My charge is a linkage and I’m perfectly happy with that. I very much enjoy the variety and differences a linkage brings to ministry. But perhaps in my naive and unprepared way, I wasn’t expecting to deal with two such quite distinct ministries. A union, even one with two centres of worship, has the ‘advantage’ (and I use that word very advisedly) that the office bearers are generally heading in the same direction for the ‘whole’ charge. Perfectly understandable when it’s the same body of people. Linkages, I am discovering, don’t work that way.
I suppose I should have realised. After all, why shouldn’t each congregation be quite distinctive? Each serves a different community. Each has an entirely different make-up of congregation. And each has an entirely different group of people determining the direction they are headed.
Like I said, that’s great in terms of offering a broader scope of activity and challenge to any minister than they might find in a single congregation, or even a multi-site union. But it leaves me feeling ever so slightly schizophrenic. I am the same minister in both places. Indeed they get the same service in both places. And yet I feel like I’m two entirely different people at times.
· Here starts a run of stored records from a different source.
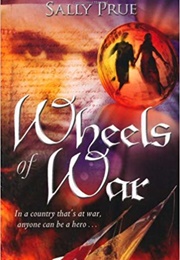 Wheels of War (Sally Prue)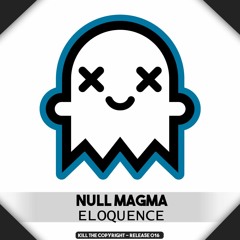Null Magma - Eloquence (Kill The Copyright Release)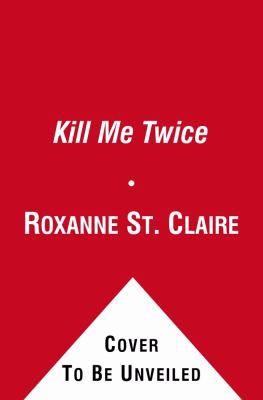 Kill Me Twice 1451655541 Book Cover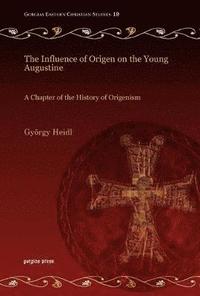 bokomslag The Influence of Origen on the Young Augustine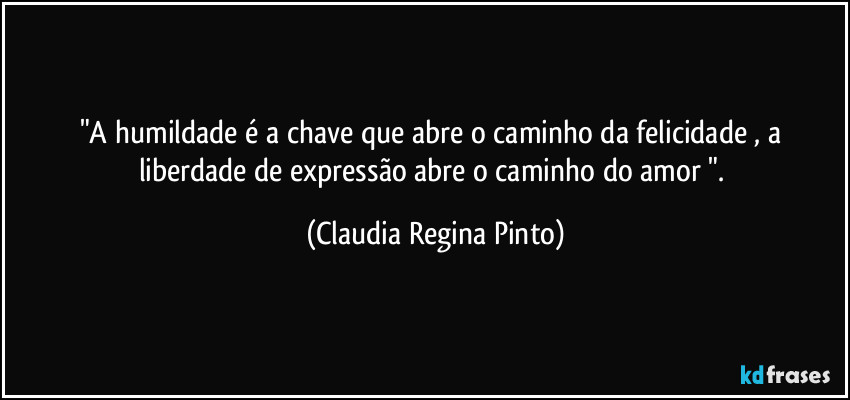 "A humildade é a chave que abre o caminho da felicidade , a liberdade de expressão abre o caminho do amor ". (Claudia Regina Pinto)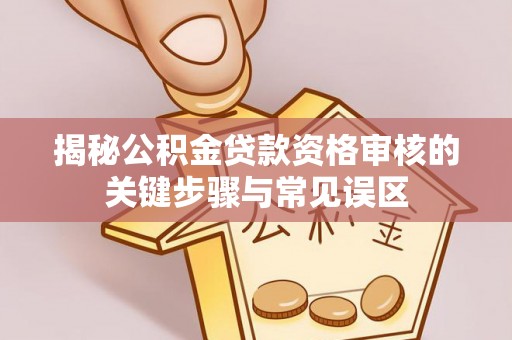琼中揭秘公积金贷款资格审核的关键步骤与常见误区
In part that is due, I think, to the different focus I think each congregation has. That difference is, I’d say, down to the quite different demographic of each congregation; and so it’s natural that each would wish to do things that meet the needs of the particular congregation, and are supportable by the abilities of each.
That then means a mental shifting of gears when making suggestions or offering direction to whichever congregation I’m engaged with at the time. That welcome variety though also means an increase in workload. And maybe that’s the root of the feeling. In trying to optimise my time for both congregations, I’ve started off on the wrong basis. Perhaps if I had acknowledged the different starting points from the beginning then I would be feeling this ministry dualism now.
But, better late than never, and it is, to be fair, early days. Maybe over time the split personality feeling will disappear and it will simply be ‘natural’ to be doing different things with different groups.
One place that will begin to tell, I think, is in the preaching. In the past, as I’ve built relationships, my preaching has become more ‘pastorally sensitive’. (Although, in the past that’s also often been because of the slow come-down from academic mode into placement mode.) That, I think, is beginning to happen again, so it’ll be interesting to see whether I can sustain the same sermon in each place.
That all said, there is a good lesson to be drawn from the local team ministry (WAAM – West Angus Area Ministry): do together the things that make sense to do together, do separately the things that make sense to do separately.
Over time, as I get to know both congregations then it will, I believe, start to become a ‘whole’. Not in the sense of everyone doing the same thing, but in the sense that it all fits together. I’m reminded of a phrase oft-used in a slightly different context: unity doesn’t mean uniformity; diversity doesn’t mean division.